◆ **EXERCISE INSTRUCTIONS**: Return the full listing unchanged, excluding any images it contains.

◆ **DATASET EXTRACT**:
---
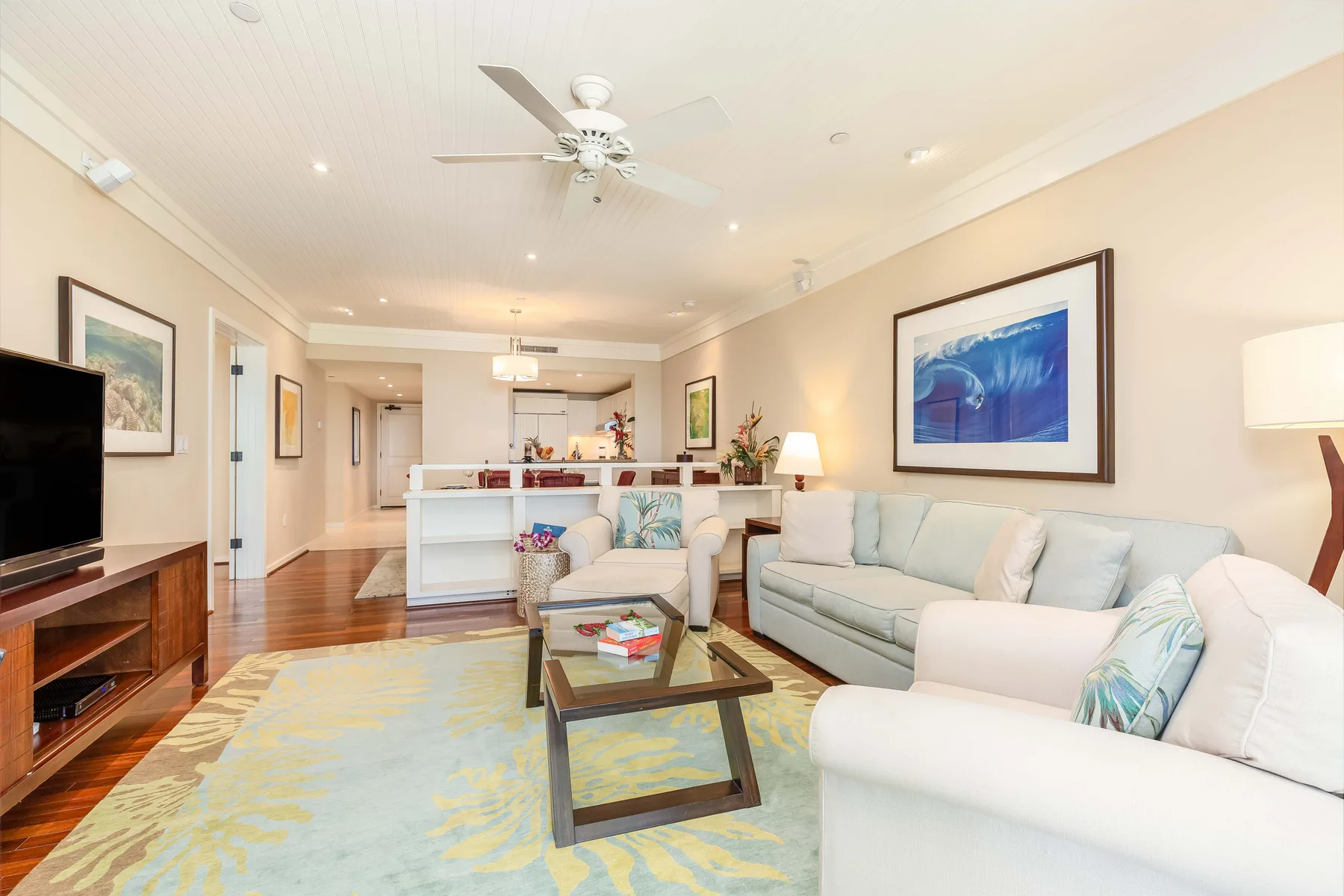 A bright living room with pale seating, a coffee table, and a ceiling fan.
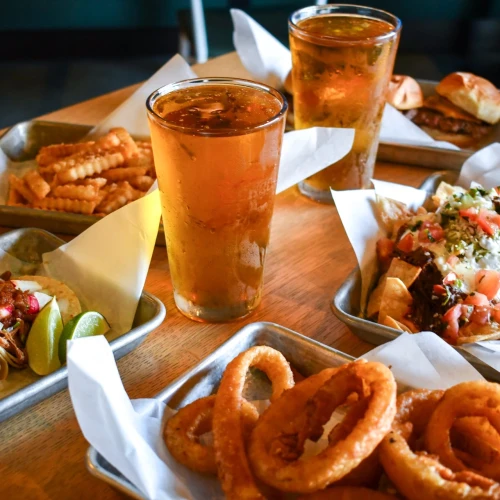 A table of Mexican food with tacos, fries, onion rings, and two iced drinks; vibrant toppings and plates ready to share, delicious.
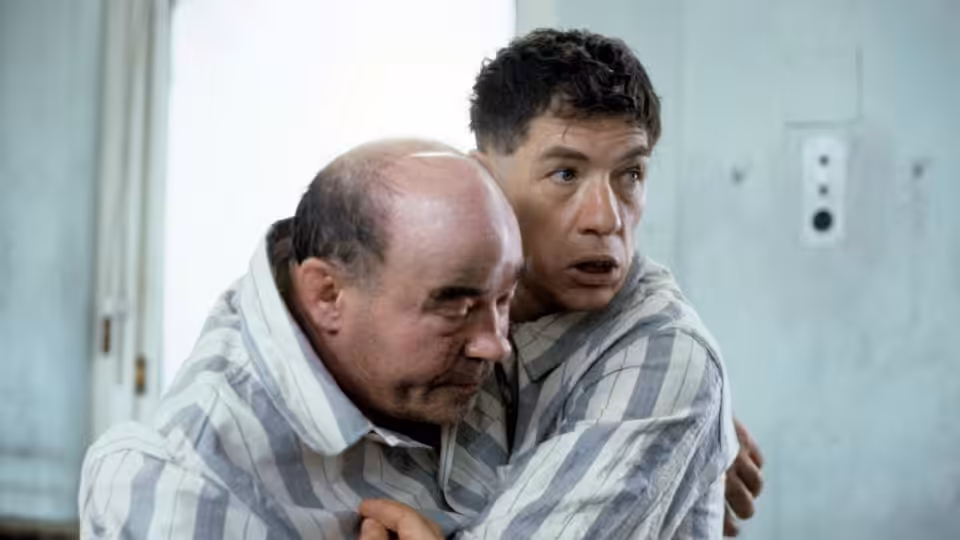 A younger man in a striped shirt holds an older man close as he looks anxiously aside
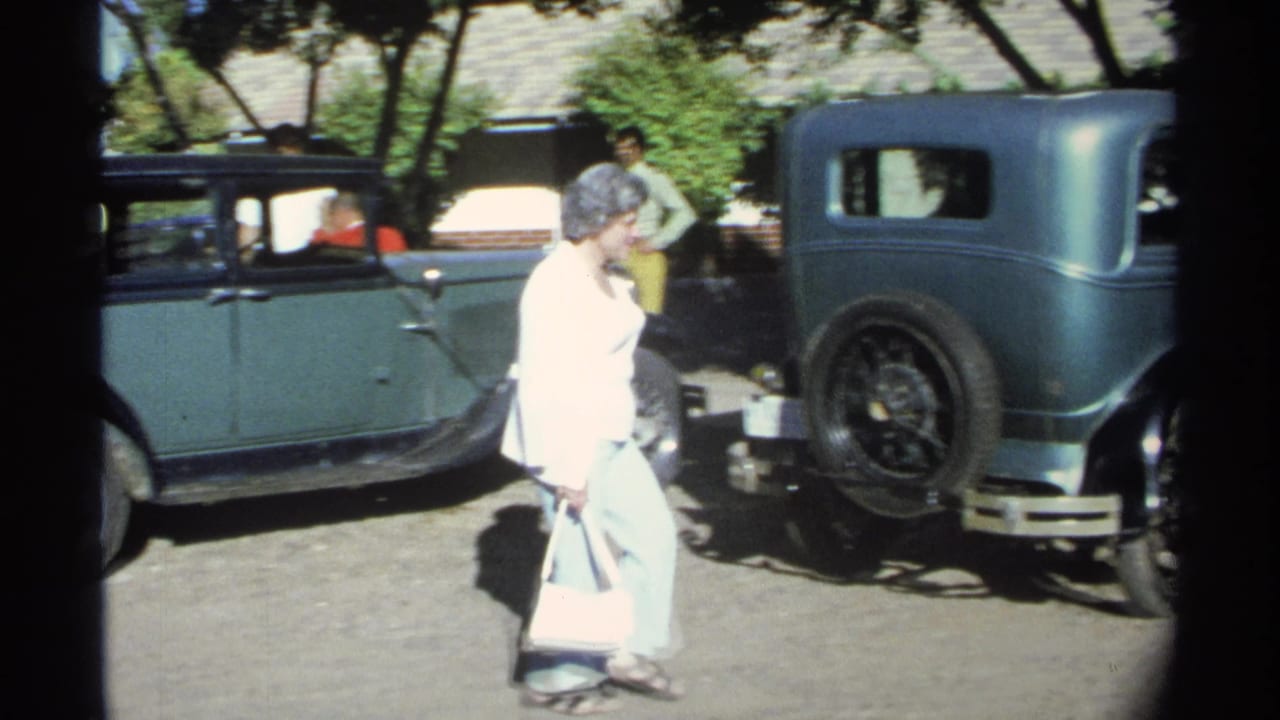 The woman continues walking past the green sedan, with another dark-fendered vintage car and the rear of the green car visible nearby.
---
◆ **ANSWER TO THIS EXERCISE**:
 A bright living room with pale seating, a coffee table, and a ceiling fan.
 A table of Mexican food with tacos, fries, onion rings, and two iced drinks; vibrant toppings and plates ready to share, delicious.
 A younger man in a striped shirt holds an older man close as he looks anxiously aside
 The woman continues walking past the green sedan, with another dark-fendered vintage car and the rear of the green car visible nearby.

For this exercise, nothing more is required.